Work order => Give the count of lines in the entries below that contain the string "Print", and only that count.

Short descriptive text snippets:
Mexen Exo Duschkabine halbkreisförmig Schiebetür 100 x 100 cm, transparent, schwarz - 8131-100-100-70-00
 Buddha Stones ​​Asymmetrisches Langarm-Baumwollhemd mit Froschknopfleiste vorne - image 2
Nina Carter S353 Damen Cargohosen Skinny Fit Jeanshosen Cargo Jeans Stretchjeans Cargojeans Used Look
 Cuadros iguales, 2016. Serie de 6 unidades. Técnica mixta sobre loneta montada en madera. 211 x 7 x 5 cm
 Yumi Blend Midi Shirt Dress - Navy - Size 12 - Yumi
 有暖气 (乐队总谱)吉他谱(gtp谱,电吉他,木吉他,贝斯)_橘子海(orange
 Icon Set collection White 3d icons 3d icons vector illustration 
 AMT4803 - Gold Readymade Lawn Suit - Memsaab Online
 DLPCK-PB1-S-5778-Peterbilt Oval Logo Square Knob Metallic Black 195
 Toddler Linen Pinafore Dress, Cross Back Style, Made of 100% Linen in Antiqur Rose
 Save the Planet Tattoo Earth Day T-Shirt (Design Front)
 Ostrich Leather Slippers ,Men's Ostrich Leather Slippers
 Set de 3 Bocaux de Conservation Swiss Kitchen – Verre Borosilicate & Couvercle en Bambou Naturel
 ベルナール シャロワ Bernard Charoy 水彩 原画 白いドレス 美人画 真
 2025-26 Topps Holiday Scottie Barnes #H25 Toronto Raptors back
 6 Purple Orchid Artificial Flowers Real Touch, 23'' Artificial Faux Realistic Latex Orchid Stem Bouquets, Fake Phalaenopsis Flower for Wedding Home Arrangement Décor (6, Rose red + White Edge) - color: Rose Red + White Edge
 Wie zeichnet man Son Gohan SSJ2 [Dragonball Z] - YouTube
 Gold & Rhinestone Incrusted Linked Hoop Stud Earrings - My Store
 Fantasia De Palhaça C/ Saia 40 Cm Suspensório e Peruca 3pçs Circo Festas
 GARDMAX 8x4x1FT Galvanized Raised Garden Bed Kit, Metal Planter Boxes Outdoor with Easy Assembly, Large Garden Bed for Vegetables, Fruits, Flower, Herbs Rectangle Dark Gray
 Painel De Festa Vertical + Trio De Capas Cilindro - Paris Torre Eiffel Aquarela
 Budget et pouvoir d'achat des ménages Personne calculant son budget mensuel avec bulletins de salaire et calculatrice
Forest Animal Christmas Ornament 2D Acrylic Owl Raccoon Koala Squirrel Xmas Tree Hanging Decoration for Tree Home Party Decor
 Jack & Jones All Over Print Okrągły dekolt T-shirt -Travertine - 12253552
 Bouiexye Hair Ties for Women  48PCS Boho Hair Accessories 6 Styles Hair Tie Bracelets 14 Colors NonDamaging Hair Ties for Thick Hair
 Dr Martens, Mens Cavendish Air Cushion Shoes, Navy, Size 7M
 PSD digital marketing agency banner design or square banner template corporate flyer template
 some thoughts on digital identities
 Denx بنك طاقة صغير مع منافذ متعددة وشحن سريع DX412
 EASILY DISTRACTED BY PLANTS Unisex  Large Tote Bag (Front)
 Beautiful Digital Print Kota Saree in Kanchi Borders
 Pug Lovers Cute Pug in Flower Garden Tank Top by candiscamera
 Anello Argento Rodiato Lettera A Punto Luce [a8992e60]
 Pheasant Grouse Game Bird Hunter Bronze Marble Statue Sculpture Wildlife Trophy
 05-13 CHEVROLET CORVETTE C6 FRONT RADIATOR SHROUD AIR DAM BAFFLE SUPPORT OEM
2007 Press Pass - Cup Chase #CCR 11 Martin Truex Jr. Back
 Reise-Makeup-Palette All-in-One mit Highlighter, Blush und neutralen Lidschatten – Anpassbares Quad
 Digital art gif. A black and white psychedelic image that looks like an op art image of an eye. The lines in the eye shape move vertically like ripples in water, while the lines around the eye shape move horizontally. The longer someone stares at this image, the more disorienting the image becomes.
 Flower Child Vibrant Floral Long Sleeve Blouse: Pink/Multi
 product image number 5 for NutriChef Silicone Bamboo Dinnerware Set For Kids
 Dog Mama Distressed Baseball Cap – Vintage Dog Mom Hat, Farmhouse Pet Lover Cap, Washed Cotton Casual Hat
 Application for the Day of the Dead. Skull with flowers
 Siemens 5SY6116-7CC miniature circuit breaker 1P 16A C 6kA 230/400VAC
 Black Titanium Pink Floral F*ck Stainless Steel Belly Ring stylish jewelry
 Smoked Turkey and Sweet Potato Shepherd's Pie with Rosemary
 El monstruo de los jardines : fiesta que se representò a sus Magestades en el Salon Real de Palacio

Answer below => 2